The distribution aspects of object based DSM can be divided into three main areas, first the non-distributed method, second the migration method and last the replication method. Efficiency of execution and complexity of implementation also order these three methods. The simplest implementation is to not distribute at all. When an object is created it stays at the node that created it. When other nodes wish to access the object they transfer the control to the remote node and continue there. The advantage of this approach is that it can be implemented very easily, and in general won't require a lot of network bandwidth. On the other hand objects need to be distributed in a way that favors concurrency, i.e., if the same object is used intensively by all nodes no real parallelism is achieved, and the rationale behind DSM is lost.
Migrating objects has the advantage that once an object is located at a node, that node can access the object at native speed. Migrating objects takes a little more work than the static approach, but is still fairly simple, and as an object can only be accessed by the node that it is placed on. The problem of course is that as objects grow larger the required bandwidth to sustain object migration raises dramatically.
Replication of objects requires a lot more of the run-time system than the previous two models. By replicating objects all nodes can hold their own copy of the object, and only access control and changes to the object need to be sent on the network. Another advantage of replication of objects is that this approach allows the system to use some of the more relaxed consistency model. In fact, by using a replicated object DSM system, one can hide the additional complexity that comes with the most relaxed consistency models.
It is obvious that distributed objects are an easy way to implement DSM, and with the use of entry consistent replicated objects, they can be both easy to use and efficient. The problem occurs with applications that do not lend themselves to the object orientated approach.

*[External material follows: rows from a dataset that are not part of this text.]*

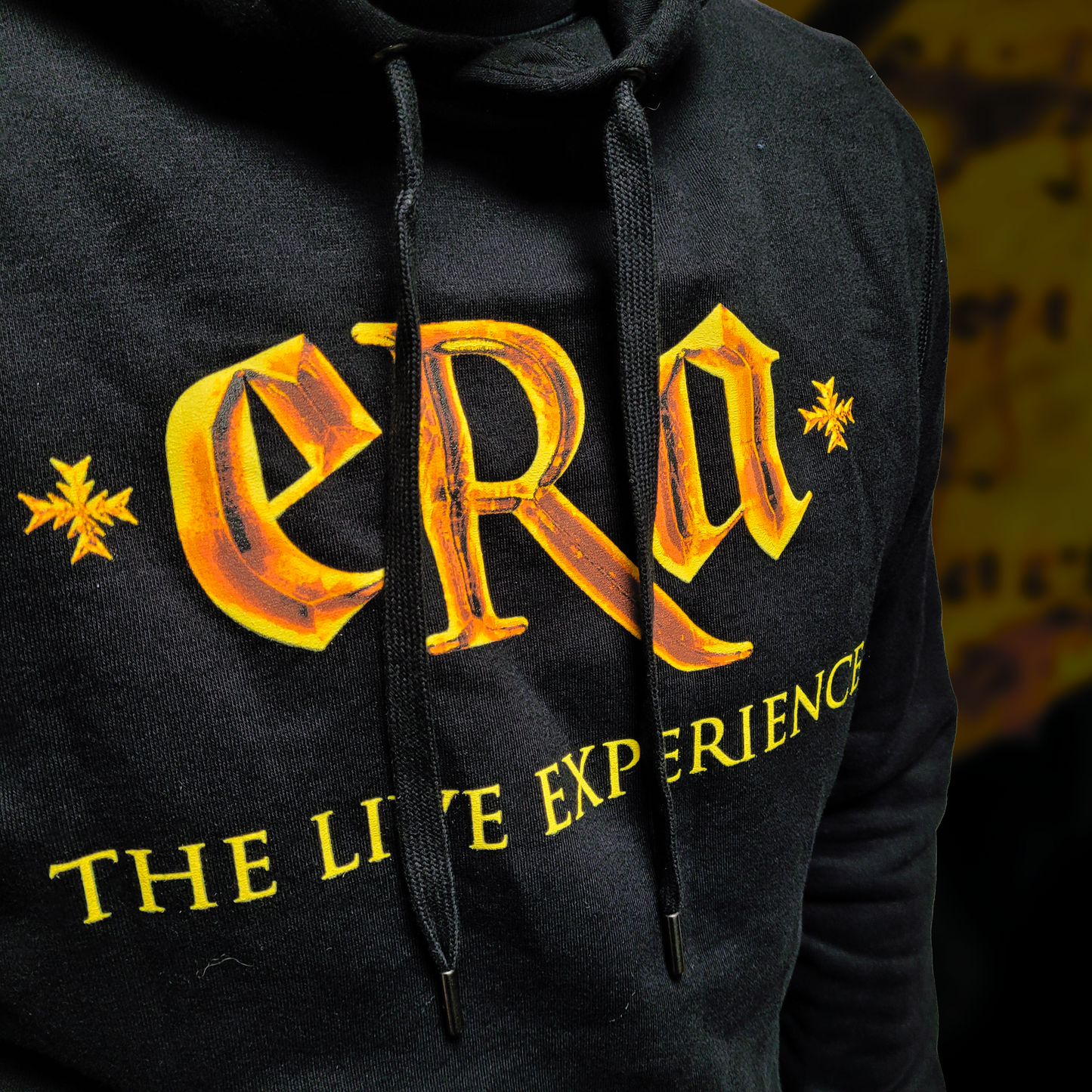 Black unisex hoodie with "ERA - The Live Experience" print 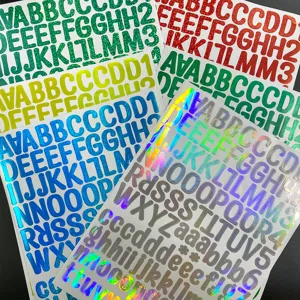 Detailed macro view of multi-colored holographic glitter alphabet and number stickers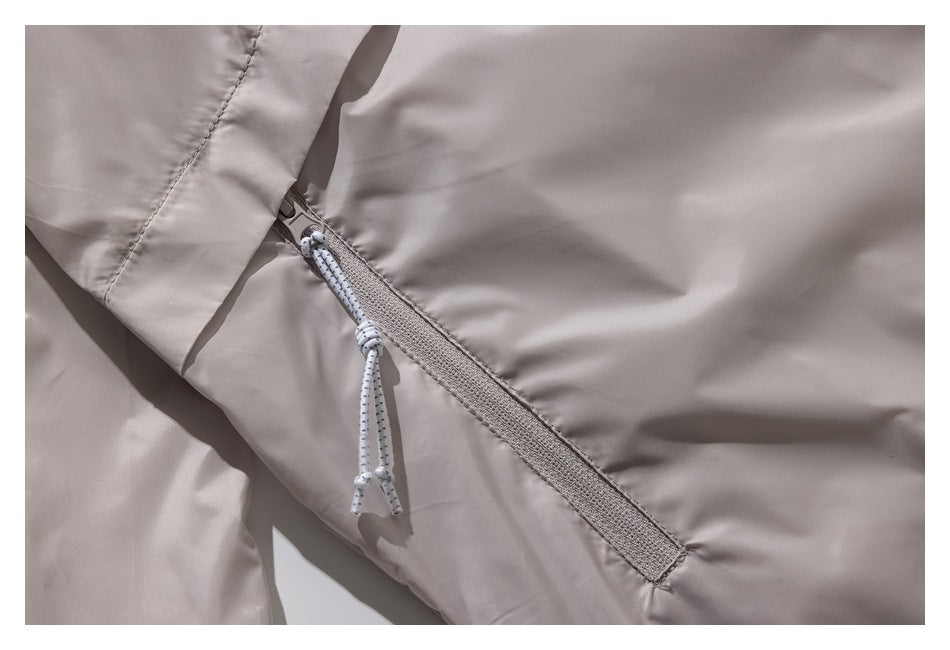 Close-up of a slanted zipper and white cord pull on a light taupe jacket.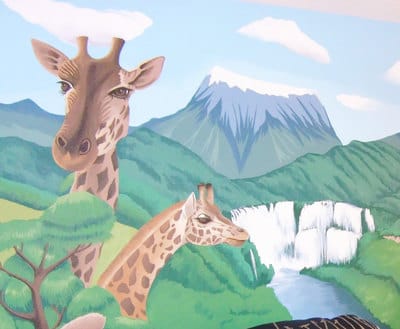 Children's mural of African wildlife with forest and mountains in the background.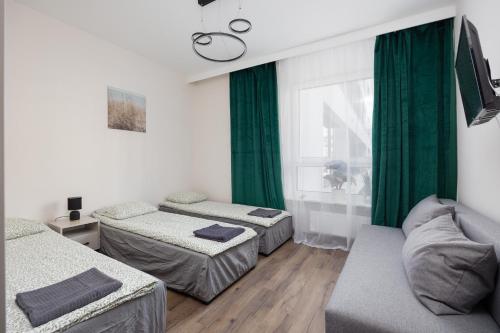 a room with two beds and a couch and a window at Pokoje Warszawski Świt in Warsaw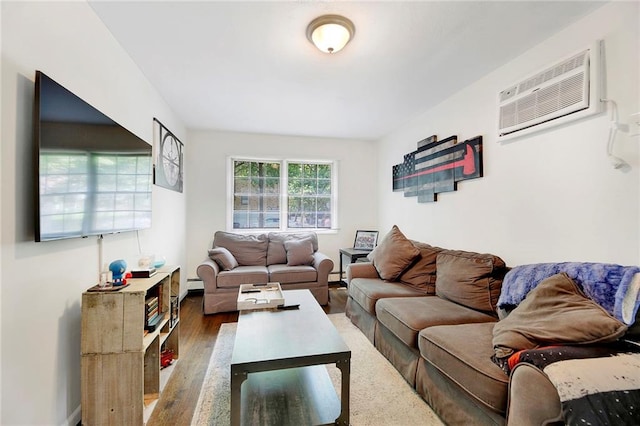 living room with wood finished floors, a baseboard heating unit, and a wall mounted AC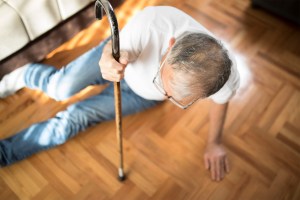 Older man with cane has fallen on the floor.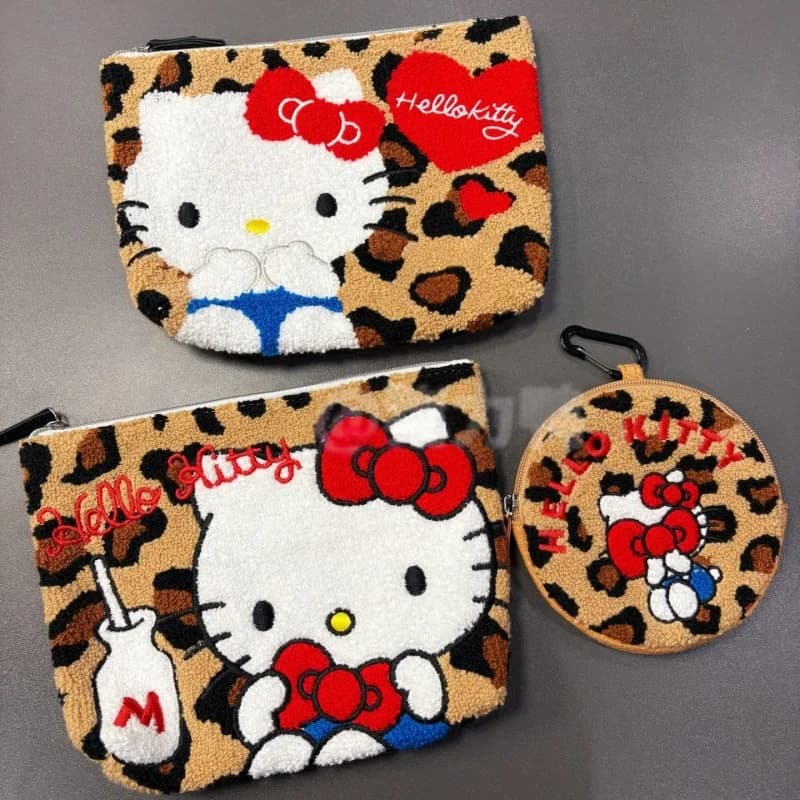 NUOVA borsa portaoggetti in peluche rotonda Hello Kitty Leopard Portafoglio portamonete Kitty Cat in pelle nera Borsa da viaggio per trucco Borsa regalo di grande capacità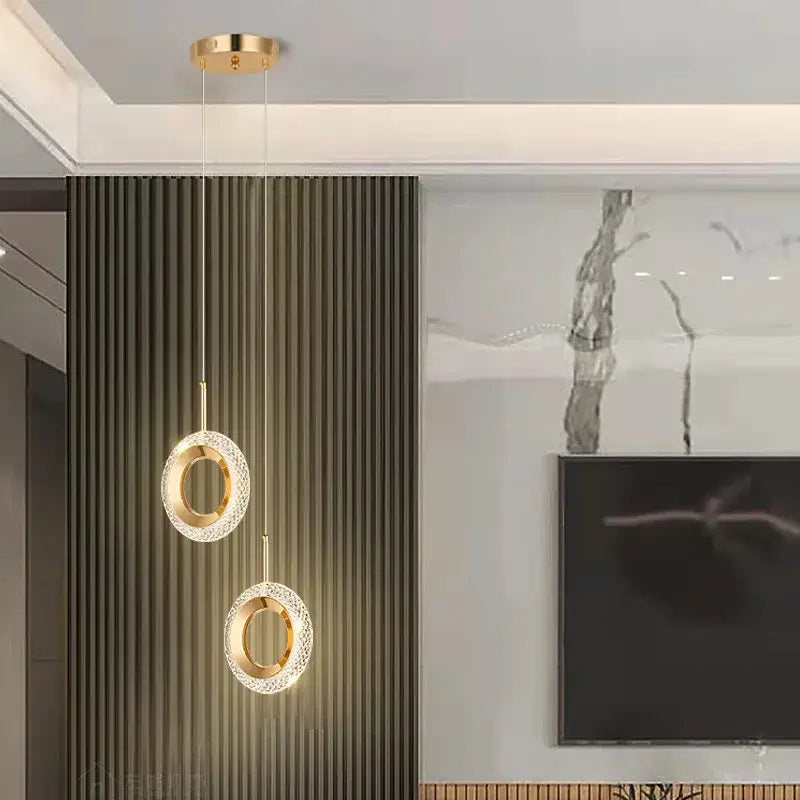 Two modern gold-toned led pendant lights with crystal-encrusted rings hang as a luxury dining room chandelier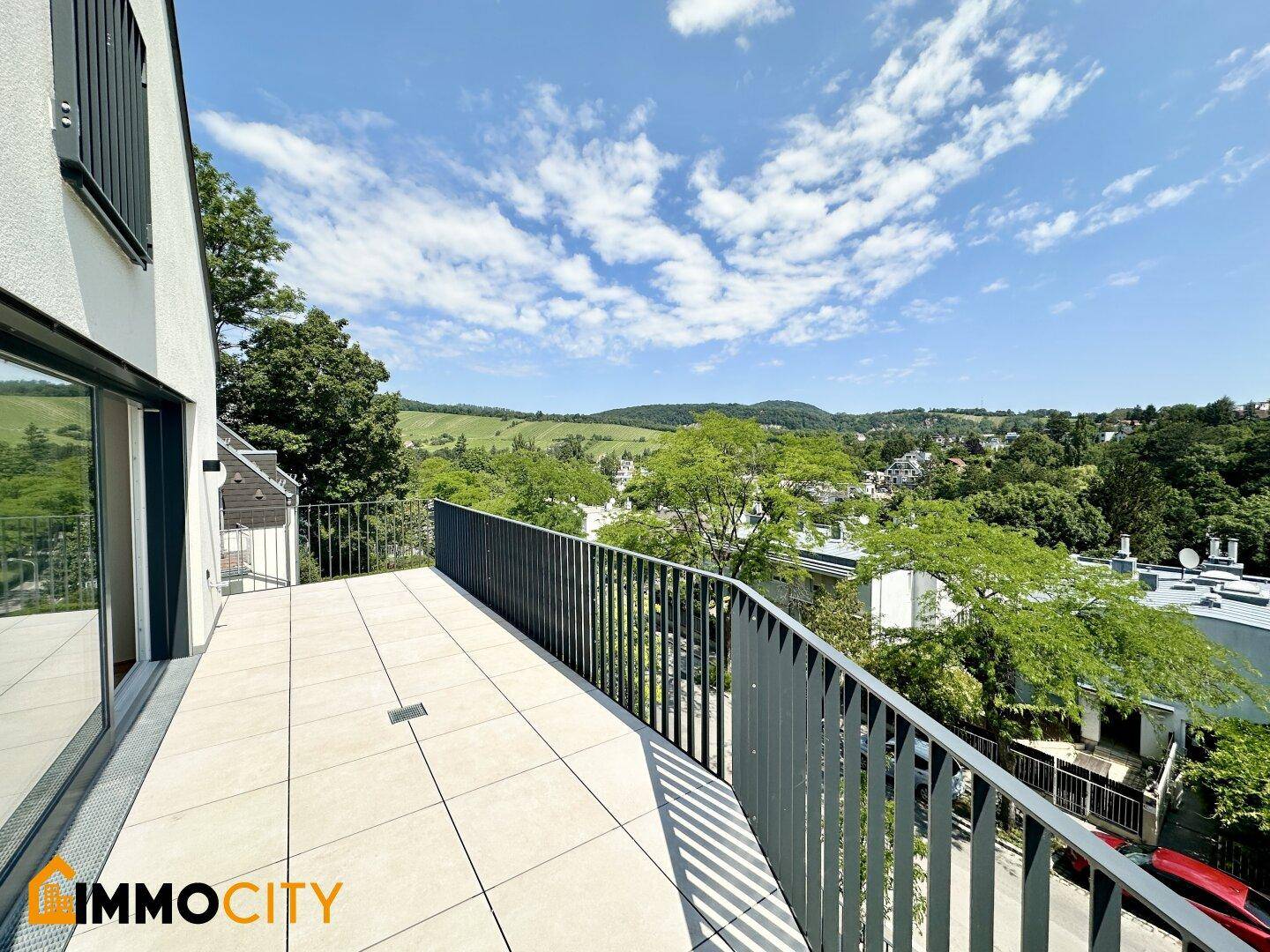 Langer Balkon mit Fliesenboden und Metallgeländer bietet einen schönen Ausblick ins Grüne.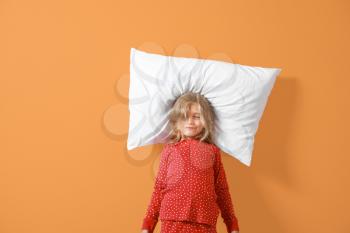 Sleepy little girl in pajamas and with pillow on color background�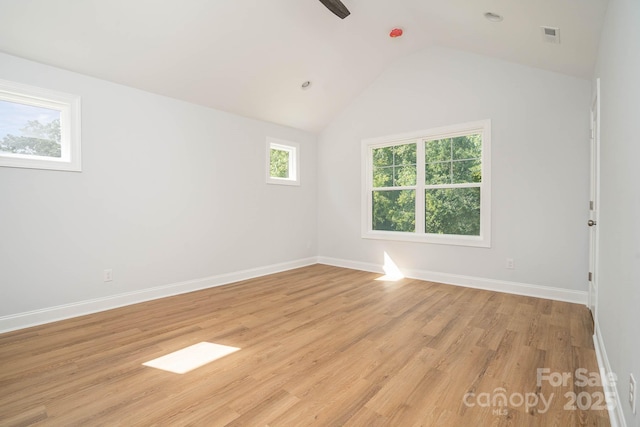 110 Walters St, Huntersville, NC 28078 - spare room featuring light wood-style flooring, baseboards, and lofted ceiling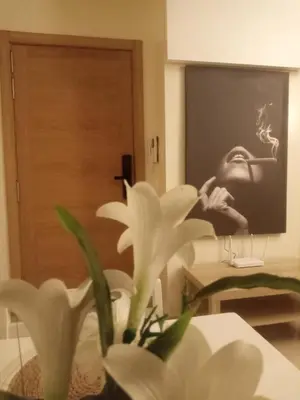 a white flower in front of a picture of a person at Downtown Stay 1Br near Tramway - Parking in Casablanca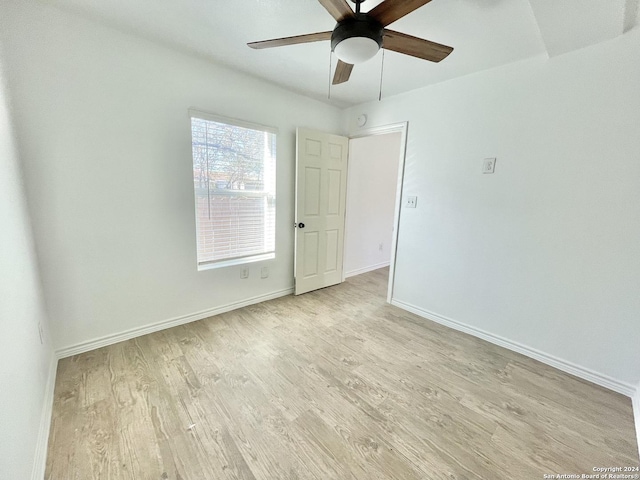 empty room featuring light wood-type flooring and ceiling fan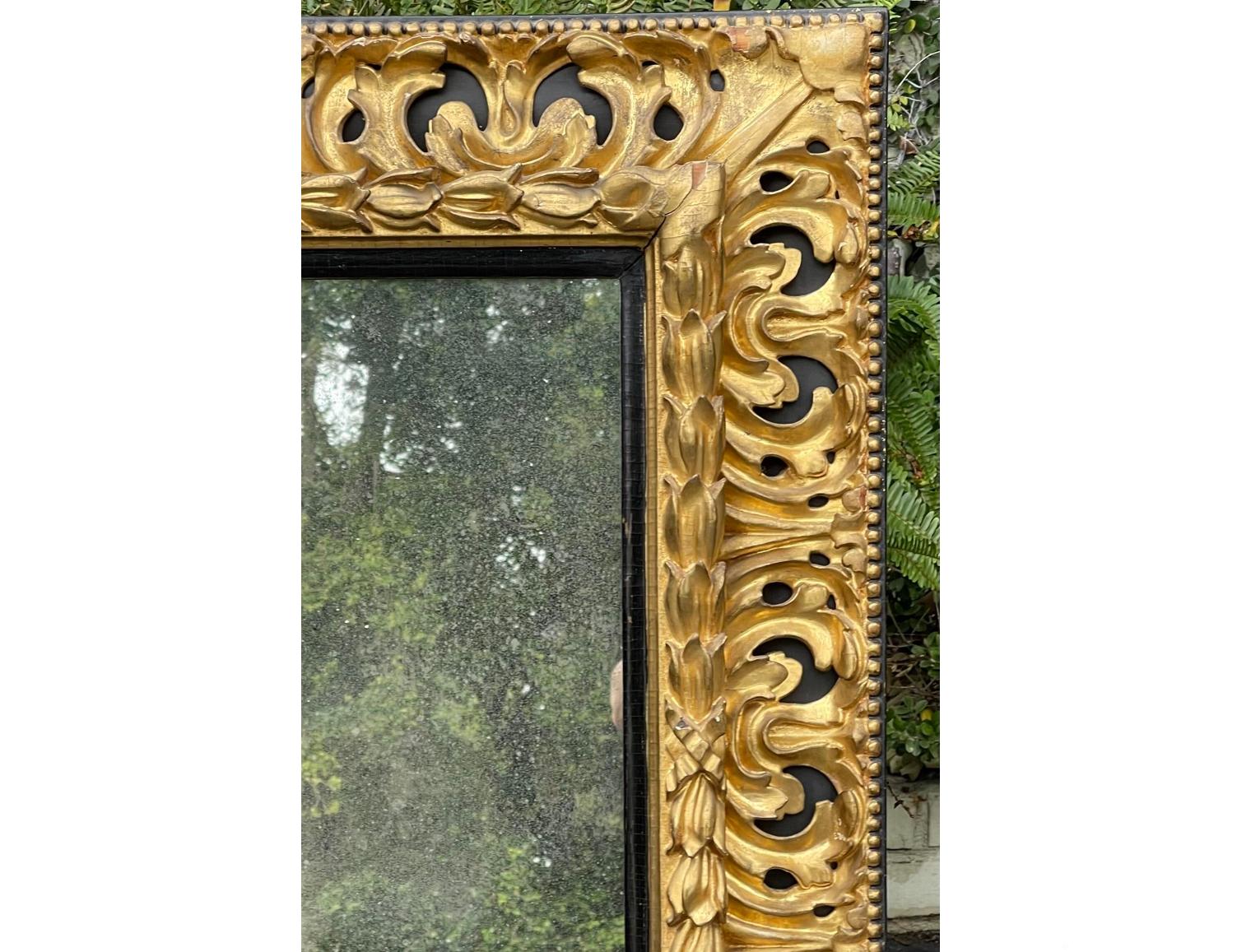 XIXe siècle Miroir antique Regency Empire en bois doré et ébène du début du 19e siècle en vente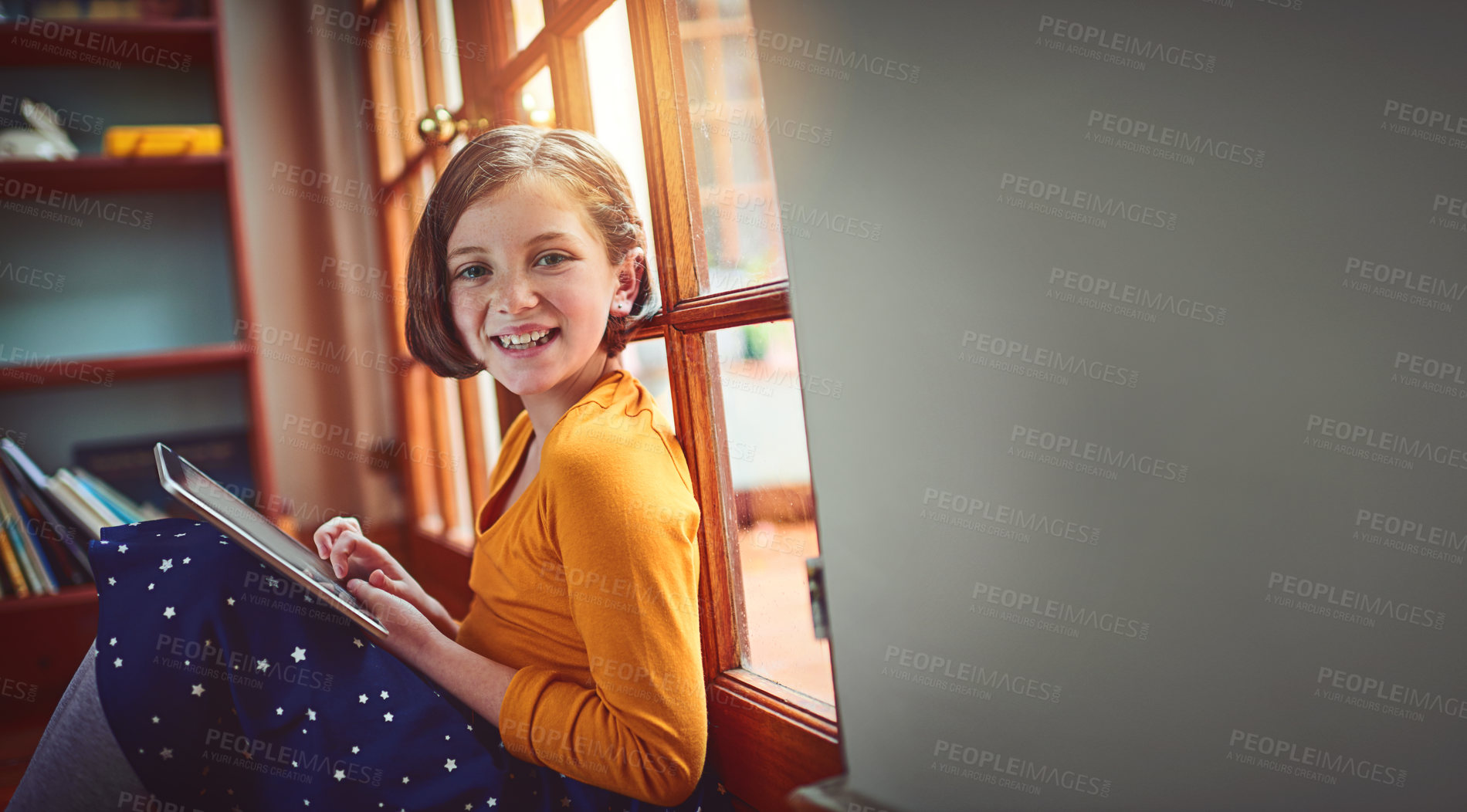 Buy stock photo Portrait of a little girl using a digital tablet at home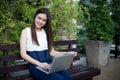 Asian business women using notebook for working at outdoor Royalty Free Stock Photo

Structured Distributed Shared Memory
Rather than choosing between a distributed object approach that requires data access to be performed via the associated methods, or a distributed variable approach that requires no control over the data, intermediate models have been proposed. These models are known as structured memory, but most often these models have little in common with each other. However, the one thing that structured shared memory models usually have in common is the fact that rather than requiring a new programming language, or living within the constraints of an existing language, they work with the basis of an existing language and expand this language with a few functions. Examples of such structured distributed shared memory models are Linda, Global Arrays and JavaSpaces.
Hybrid Distributed Shared Memory
As the name goes Hybrid DSM is the approach were we combine the implementation aspects of Hardware as well as the software DSM. Some of the systems which we have mentioned in the Hardware & software classification make use of Hybrid mechanism.
CONCLUSIONS
In this article we have covered the different concepts of distributed system & shared memory and we have described different classification of shared memory in distributed systems.
Acknowledgment
This work was partially supported by the staff of Computer Science department of Karunya University.